**Data excerpts:**

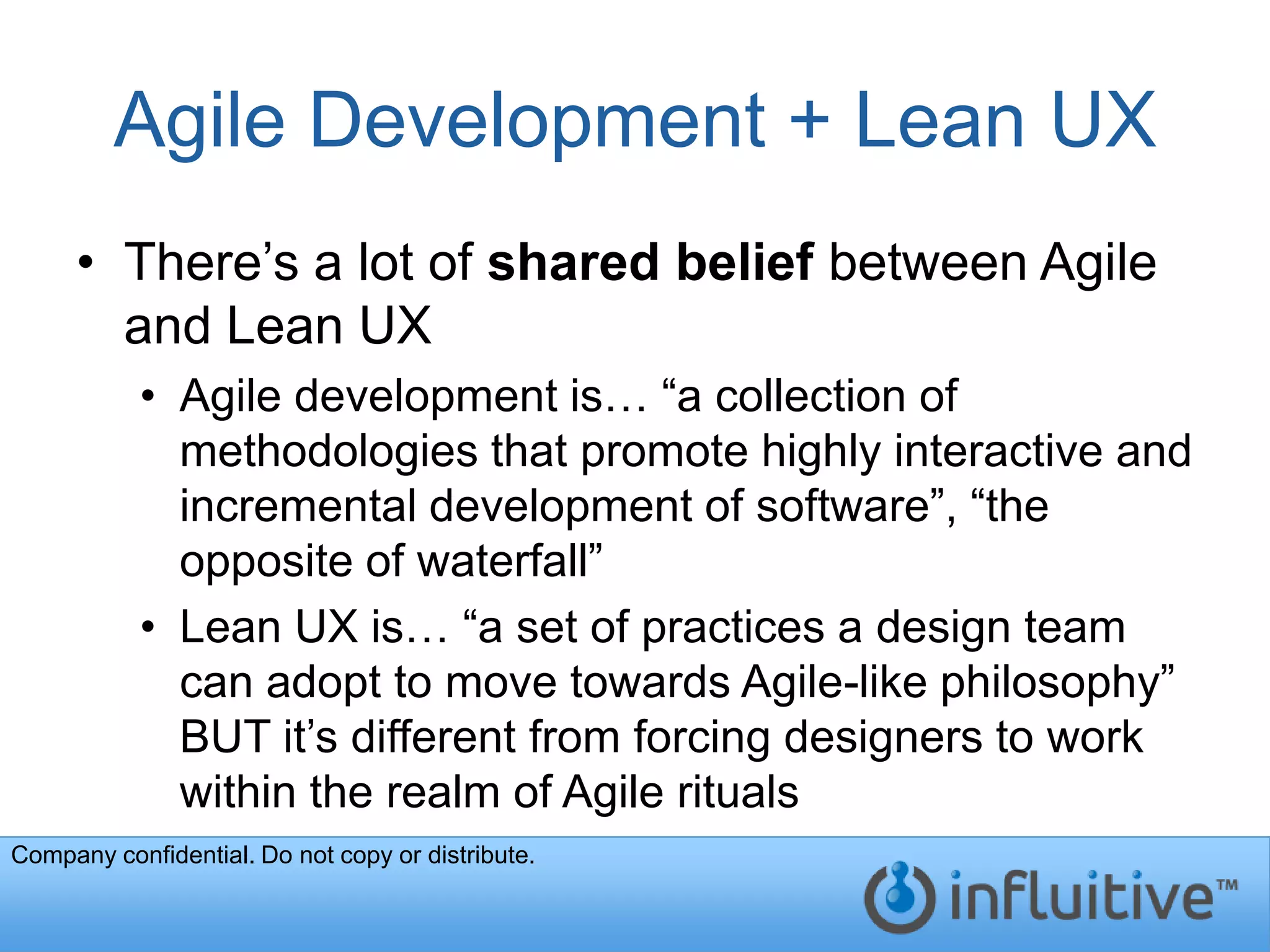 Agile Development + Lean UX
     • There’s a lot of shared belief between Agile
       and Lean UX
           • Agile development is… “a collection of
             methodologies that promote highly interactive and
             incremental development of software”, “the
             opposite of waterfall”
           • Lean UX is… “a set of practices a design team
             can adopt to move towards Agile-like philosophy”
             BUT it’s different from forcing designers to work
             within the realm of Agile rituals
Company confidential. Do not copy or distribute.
--
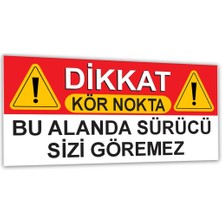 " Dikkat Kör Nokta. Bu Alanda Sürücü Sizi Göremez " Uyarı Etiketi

**Instructions for the task:** Using the listing above, reproduce word for word every line from the one containing "Agile Development + Lean UX" through the one containing "methodologies that promote". Pictures must be left out.

**Response area:**
 Agile Development + Lean UX
     • There’s a lot of shared belief between Agile
       and Lean UX
           • Agile development is… “a collection of
             methodologies that promote highly interactive and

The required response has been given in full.